The recent surveys confirm another important aspect. Only 21% of family business representatives say they required additional capital in 2020 when other companies raised a record USD 3.6 trillion from public investors to ensure liquidity. Moreover, family businesses that took part in the FBN and PwC survey expect a return to steady growth by 2022.
This is good news for the world economy because according to the Oxford Review of Economic Policy estimates family business contributes more than half of GDP and two-thirds of employment.
However, to develop in the modern world one requires dynamics and innovations — a rethinking of one’s priorities and behaviors, including increasing investment in the digital tools necessary for economic resilience. That is where family businesses are not setting trends. Even though four out of five (80%) respondents say that initiatives related to digitalization, innovations, and technologies are a top priority, progress in these areas has been slow. Only 19% state that they fully use their digital capabilities, and 62% believe they have a long way to go in this area.
Family business owners want, above all, to create a company that makes a positive impact and a decent legacy for future generations. They have earned a reputation for prioritizing their employees and the communities they work in. The survey respondents have also shown a desire to be leaders in the area of sustainability, but their progress has been slow — only 37% have a sustainability strategy in place.
Family businesses think about the total impact of their activity on society. Over 80% engage in social responsibility activities; in particular, 42% claim to be engaged in philanthropy. However, experts assure that sustainability needs to be central to their business activities, rather than simply embedded within their philanthropic activities.
The key facts:
- Trust: according to the Edelman Trust Barometer 2020 report, 67% of respondents trusted family businesses, while the percent of respondents who trusted other companies was smaller (58%).
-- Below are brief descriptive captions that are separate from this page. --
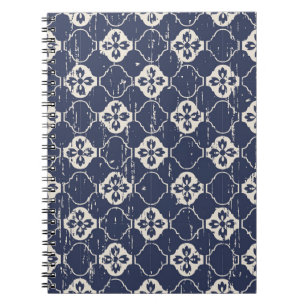 Carnet Fleurs usées : Vintage sans joint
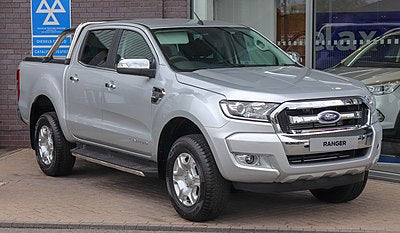 Ford Ranger PX bash plates by RHS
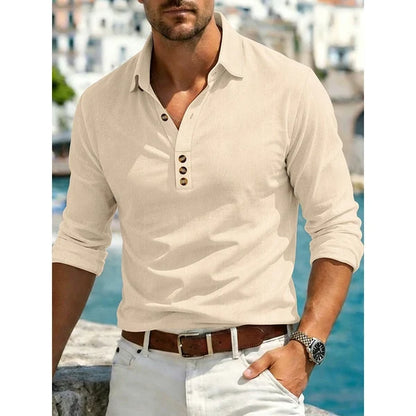 Men’s Button-Up Shirt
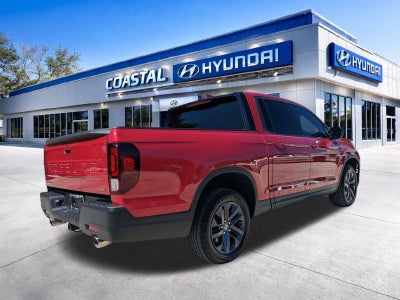 2025 Honda Ridgeline Sport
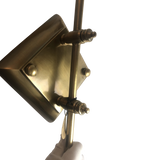 SMITH&SMITH Lighting Sydney Conway Antique Brass Outdoor Wall Lamp  beautiful brass detailing St James Outdoor Lamp style ELPIM59526AB
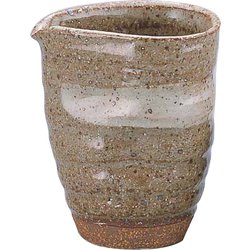 土灰釉冷酒器 D03-33 RSK6101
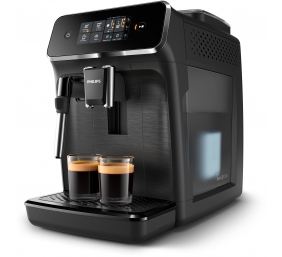 Philips Coffee Maker | EP2220/10 | Pump pressure 15 bar | Built-in milk frother | Automatic | 1500 W | Black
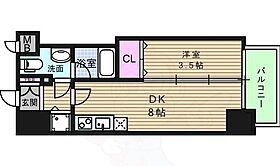 イグレック南本町  ｜ 大阪府大阪市中央区博労町１丁目（賃貸マンション1DK・9階・28.35㎡） その2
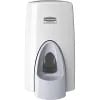 Foaming Soap Dispenser, Filling Quantity 0.8 L, Plastic, White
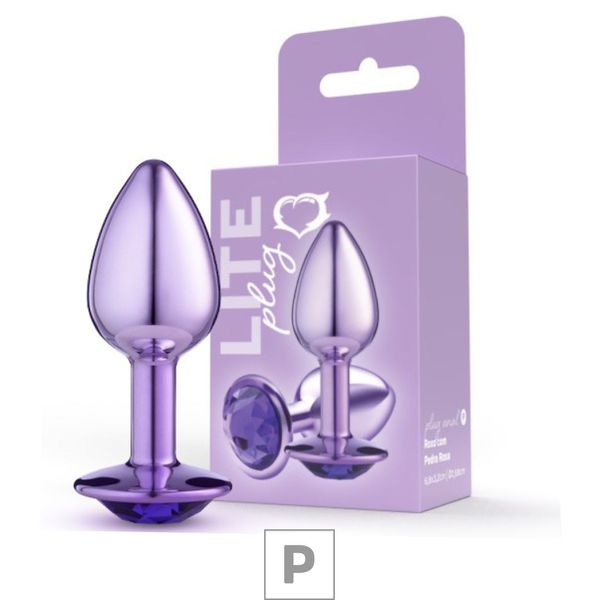 Plug de Metal P Lite Plug (SF259-ST933) - Lilás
- High economic resilience: 79% of the FBN and PwC survey respondents say they needed no additional capital in 2020, and only one-third (34%) has cut dividends during the crisis. In general, only one out of five enterprises (21%) needed to access extra capital; 15% of the owners are investing more of their own money, and 23% say they are ready to act like this if necessary. 64% expect to grow in 2021.
- Digital transformations: nowadays, only 38% of family businesses are sure of their digital capabilities; but in 2018, 80% were worried about innovations and technologies, and 57% said they would invest in them.
- Social responsibility: over 80% of family businesses engage in social responsibility activities, 42% are engaged in philanthropy.